Required action » Every line from the one with "8113 Hickory Upland" to the end of the listing below must be printed exactly, with no other text and no pictures.

Supplied data »
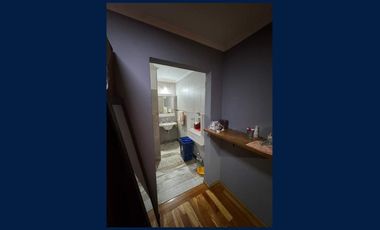 Casa en 2 Plantas y Local Comercial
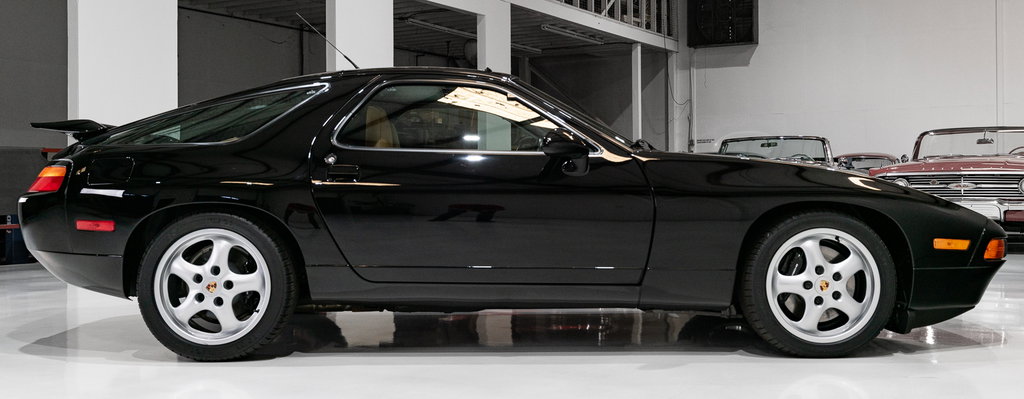 Porsche 928 GTS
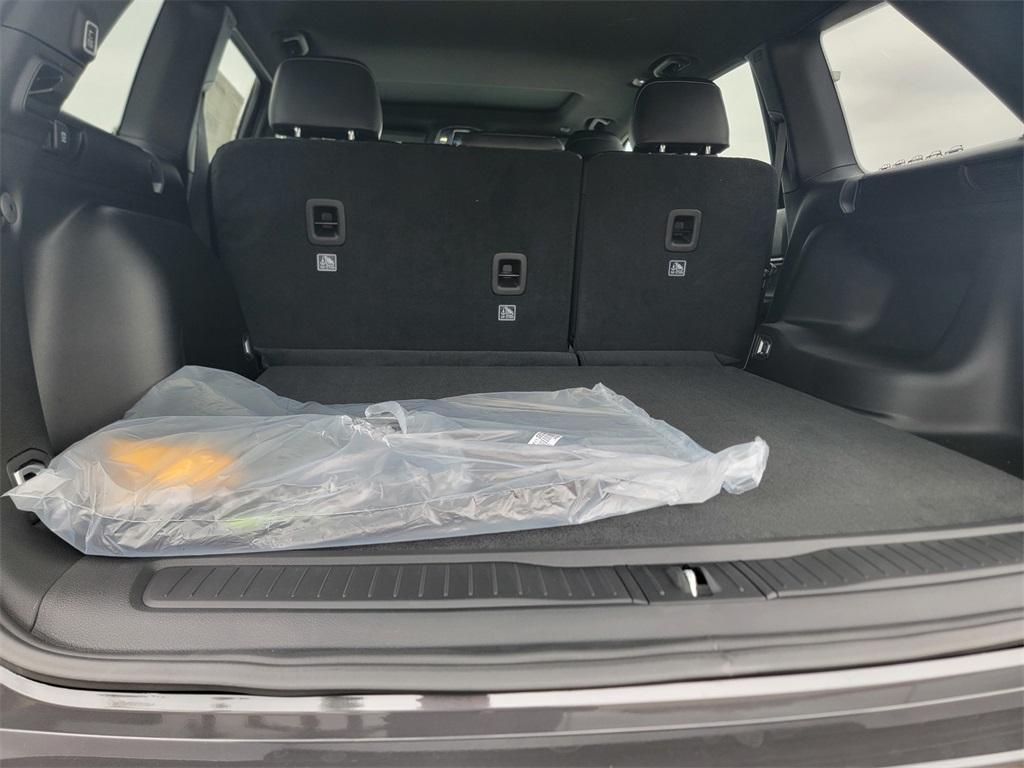 new 2025 Jeep Grand Cherokee car, priced at $42,027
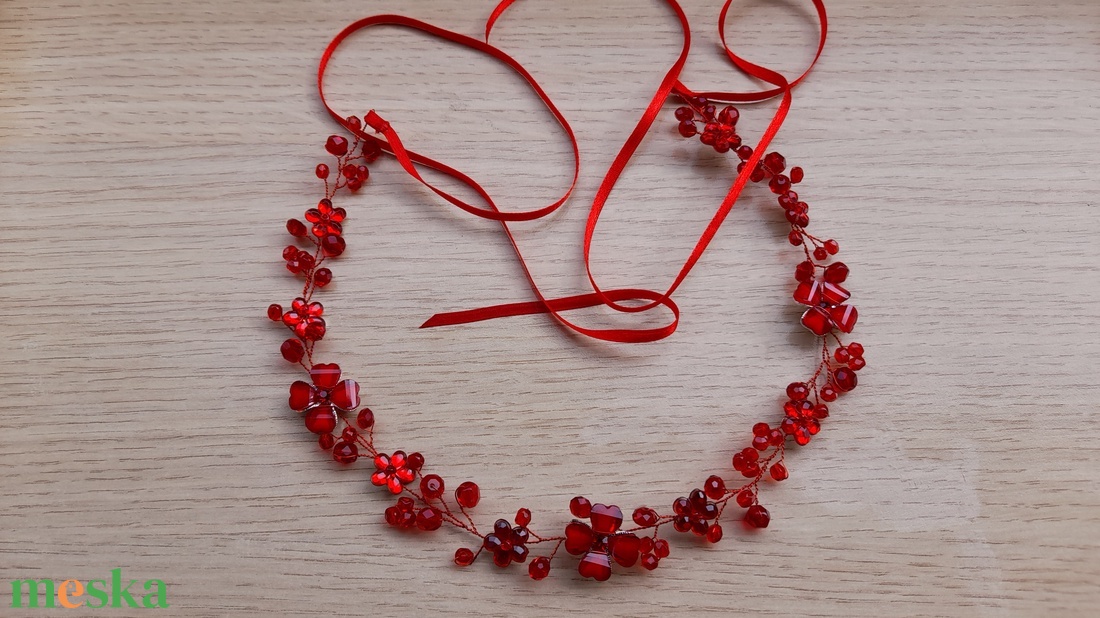 Piros fejdísz  vagy lánc.  - esküvő - hajdísz - fejkoszorú - Meska.hu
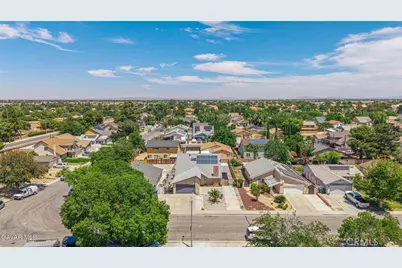 44740 Calston, Lancaster, CA 93535 - Photo 49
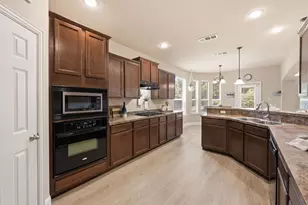 8113 Hickory Upland Dr, Fort Worth, TX 76131 - Photo 15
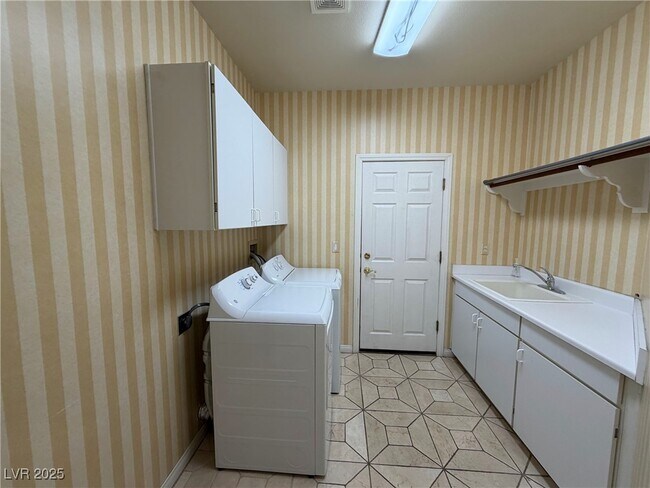 Building Photo - 9604 Coral Rose Ct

Solution »
 8113 Hickory Upland Dr, Fort Worth, TX 76131 - Photo 15
 Building Photo - 9604 Coral Rose Ct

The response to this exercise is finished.